Read the listing below and copy out every line that holds "Luggage".

=======

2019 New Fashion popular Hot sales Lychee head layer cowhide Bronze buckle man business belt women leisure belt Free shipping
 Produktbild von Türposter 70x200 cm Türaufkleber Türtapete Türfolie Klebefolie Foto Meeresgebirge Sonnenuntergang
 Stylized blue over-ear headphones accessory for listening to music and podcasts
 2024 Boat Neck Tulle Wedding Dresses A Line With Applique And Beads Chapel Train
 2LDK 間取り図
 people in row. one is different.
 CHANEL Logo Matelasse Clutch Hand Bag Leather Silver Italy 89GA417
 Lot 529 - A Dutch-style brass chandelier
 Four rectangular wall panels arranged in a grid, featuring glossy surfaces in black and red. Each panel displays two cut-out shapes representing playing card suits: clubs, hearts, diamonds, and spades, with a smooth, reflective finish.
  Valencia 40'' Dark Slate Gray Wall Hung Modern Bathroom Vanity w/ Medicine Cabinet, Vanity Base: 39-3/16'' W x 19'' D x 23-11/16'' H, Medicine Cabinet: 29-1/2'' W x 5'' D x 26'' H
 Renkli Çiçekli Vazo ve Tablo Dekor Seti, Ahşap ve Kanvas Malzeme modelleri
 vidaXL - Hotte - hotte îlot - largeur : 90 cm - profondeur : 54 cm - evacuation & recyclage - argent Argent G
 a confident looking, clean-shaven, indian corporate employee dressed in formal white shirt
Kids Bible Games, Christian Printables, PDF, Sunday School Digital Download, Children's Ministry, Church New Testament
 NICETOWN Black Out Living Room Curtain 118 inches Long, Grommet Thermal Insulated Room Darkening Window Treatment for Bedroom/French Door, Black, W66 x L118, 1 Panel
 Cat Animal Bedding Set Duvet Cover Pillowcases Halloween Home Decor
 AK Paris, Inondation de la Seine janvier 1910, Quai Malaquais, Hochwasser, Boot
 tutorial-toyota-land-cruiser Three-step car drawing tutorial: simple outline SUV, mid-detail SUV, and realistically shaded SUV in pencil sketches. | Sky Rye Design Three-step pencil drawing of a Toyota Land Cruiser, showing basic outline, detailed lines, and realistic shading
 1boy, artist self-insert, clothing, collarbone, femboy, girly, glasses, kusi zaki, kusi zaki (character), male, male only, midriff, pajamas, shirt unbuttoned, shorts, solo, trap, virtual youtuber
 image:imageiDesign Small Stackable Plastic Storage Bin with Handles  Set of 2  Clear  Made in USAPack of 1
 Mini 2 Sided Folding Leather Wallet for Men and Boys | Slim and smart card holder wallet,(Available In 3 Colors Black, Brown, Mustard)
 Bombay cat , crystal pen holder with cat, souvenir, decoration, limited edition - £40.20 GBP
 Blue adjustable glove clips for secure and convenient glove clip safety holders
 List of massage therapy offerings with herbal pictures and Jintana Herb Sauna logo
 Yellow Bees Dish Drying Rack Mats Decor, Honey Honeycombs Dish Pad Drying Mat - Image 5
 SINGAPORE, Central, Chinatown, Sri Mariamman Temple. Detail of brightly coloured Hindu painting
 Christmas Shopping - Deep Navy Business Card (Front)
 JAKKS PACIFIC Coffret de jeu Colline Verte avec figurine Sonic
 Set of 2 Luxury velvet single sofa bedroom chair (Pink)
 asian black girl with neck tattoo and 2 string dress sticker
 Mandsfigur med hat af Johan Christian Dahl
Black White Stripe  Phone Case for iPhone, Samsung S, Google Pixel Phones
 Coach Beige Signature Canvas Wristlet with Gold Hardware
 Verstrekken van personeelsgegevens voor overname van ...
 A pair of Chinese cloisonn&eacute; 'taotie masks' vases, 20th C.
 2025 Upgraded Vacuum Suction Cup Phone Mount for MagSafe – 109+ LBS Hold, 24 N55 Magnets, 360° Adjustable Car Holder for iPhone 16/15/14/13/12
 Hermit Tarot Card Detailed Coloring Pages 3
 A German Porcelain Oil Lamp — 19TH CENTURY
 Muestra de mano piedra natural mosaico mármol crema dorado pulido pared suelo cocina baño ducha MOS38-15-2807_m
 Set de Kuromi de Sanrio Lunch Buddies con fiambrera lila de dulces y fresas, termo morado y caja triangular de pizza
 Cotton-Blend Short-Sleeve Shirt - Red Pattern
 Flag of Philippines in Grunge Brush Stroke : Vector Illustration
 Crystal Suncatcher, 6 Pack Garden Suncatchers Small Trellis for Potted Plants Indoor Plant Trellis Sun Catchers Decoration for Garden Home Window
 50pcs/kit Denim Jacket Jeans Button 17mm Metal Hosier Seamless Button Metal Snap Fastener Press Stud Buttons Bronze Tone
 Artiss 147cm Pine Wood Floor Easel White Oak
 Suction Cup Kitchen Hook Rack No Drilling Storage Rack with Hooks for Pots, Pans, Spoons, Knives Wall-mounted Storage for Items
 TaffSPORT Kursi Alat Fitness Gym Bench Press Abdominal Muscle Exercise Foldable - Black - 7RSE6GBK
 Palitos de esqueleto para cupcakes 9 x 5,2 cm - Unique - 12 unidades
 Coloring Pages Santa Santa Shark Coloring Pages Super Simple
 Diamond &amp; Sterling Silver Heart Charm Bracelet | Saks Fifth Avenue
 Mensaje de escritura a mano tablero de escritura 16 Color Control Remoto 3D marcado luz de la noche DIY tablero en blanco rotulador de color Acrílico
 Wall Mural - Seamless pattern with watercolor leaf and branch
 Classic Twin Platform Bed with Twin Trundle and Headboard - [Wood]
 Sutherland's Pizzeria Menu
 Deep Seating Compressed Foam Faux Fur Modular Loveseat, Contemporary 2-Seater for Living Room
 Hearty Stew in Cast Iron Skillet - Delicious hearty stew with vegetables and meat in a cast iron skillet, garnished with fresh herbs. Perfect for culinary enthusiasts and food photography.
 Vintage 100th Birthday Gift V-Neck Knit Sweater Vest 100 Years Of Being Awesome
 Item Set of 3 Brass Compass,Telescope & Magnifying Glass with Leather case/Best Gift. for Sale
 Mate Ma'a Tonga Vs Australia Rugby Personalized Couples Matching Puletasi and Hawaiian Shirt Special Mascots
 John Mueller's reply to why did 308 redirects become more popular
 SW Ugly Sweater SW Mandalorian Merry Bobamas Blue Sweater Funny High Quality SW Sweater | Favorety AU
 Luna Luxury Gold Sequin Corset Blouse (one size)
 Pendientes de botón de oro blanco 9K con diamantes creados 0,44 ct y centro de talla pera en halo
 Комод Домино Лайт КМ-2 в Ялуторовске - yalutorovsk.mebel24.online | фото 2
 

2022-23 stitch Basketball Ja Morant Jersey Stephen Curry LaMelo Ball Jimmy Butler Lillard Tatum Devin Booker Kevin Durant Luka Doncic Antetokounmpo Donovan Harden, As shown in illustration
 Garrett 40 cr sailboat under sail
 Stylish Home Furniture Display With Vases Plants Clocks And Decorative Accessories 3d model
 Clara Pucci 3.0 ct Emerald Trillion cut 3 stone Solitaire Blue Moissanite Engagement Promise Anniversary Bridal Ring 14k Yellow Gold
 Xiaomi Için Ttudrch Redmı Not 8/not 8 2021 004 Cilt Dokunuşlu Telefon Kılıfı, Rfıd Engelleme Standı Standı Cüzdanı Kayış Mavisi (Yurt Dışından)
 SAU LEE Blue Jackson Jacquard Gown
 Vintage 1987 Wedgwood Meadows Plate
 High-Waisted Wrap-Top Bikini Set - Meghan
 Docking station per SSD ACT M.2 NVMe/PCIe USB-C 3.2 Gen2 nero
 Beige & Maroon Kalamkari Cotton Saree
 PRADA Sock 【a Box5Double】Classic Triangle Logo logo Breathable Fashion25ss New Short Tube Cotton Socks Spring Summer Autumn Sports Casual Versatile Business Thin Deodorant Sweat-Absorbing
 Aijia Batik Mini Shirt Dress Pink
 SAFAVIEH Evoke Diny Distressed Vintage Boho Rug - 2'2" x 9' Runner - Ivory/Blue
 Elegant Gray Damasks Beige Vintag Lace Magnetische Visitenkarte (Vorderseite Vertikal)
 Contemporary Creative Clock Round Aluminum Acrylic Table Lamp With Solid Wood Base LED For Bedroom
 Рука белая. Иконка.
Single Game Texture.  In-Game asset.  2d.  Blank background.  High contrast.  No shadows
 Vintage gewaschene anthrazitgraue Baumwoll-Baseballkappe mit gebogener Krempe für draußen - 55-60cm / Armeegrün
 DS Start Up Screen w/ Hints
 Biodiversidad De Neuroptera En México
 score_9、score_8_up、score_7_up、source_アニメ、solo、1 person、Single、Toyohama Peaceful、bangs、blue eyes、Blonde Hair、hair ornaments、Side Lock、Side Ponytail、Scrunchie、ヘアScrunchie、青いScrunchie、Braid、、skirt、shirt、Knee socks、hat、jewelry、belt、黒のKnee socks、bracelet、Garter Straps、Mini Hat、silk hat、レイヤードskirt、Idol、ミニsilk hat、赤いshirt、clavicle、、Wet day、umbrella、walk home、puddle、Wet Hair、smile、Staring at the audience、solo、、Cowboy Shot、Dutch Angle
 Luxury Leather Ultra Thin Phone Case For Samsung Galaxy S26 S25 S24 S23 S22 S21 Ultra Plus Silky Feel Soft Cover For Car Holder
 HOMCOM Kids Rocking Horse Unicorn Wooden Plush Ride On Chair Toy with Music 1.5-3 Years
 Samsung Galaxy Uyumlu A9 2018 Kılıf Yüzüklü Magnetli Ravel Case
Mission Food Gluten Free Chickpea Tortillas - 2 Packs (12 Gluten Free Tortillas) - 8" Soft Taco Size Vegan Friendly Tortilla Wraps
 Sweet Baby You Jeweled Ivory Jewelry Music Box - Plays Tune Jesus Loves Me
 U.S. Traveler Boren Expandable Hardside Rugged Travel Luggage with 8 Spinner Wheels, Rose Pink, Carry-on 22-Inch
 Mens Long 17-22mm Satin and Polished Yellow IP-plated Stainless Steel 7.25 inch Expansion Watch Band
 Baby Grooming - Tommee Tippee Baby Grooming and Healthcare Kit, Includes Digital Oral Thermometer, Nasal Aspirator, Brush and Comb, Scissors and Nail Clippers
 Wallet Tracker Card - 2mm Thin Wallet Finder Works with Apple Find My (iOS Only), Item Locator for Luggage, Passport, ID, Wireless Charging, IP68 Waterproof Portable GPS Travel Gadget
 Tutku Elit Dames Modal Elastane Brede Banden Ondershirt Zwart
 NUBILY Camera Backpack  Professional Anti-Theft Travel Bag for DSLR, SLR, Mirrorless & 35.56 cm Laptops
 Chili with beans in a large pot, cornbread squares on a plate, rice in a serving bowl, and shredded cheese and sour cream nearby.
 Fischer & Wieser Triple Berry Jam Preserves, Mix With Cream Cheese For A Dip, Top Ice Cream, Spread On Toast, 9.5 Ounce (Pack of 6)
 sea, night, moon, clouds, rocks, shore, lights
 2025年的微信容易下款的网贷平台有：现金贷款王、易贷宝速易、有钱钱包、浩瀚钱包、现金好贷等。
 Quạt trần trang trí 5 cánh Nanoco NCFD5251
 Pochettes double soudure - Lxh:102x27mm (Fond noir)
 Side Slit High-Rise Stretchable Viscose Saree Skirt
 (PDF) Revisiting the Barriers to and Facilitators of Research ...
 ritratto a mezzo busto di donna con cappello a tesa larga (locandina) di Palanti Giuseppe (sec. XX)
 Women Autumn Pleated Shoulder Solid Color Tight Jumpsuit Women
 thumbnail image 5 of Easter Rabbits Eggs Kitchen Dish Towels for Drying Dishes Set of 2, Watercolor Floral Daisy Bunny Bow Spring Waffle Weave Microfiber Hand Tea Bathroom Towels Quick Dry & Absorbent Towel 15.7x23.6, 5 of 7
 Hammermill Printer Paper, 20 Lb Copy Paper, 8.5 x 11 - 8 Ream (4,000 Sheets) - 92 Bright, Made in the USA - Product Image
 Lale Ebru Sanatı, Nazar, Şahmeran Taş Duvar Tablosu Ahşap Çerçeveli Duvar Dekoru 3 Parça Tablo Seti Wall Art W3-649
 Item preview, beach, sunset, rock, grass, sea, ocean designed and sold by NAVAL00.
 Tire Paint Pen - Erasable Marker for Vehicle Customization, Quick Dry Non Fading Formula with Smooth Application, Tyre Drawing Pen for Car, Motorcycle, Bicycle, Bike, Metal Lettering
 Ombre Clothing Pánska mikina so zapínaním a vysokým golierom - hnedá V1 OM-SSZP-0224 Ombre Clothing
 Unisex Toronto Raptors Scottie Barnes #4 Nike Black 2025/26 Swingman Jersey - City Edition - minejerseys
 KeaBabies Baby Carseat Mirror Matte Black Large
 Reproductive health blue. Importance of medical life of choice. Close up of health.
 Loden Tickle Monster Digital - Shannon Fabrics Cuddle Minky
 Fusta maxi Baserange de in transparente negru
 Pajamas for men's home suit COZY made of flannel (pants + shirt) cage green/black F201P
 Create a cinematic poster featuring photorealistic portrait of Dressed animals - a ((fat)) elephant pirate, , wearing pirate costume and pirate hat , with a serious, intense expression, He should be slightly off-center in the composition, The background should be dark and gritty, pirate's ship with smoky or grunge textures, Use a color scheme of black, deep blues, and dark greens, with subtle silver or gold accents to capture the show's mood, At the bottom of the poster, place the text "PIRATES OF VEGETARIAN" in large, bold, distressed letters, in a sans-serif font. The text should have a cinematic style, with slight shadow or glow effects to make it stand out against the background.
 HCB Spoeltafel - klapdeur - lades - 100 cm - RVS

=======

Exercise solution
 U.S. Traveler Boren Expandable Hardside Rugged Travel Luggage with 8 Spinner Wheels, Rose Pink, Carry-on 22-Inch
 Wallet Tracker Card - 2mm Thin Wallet Finder Works with Apple Find My (iOS Only), Item Locator for Luggage, Passport, ID, Wireless Charging, IP68 Waterproof Portable GPS Travel Gadget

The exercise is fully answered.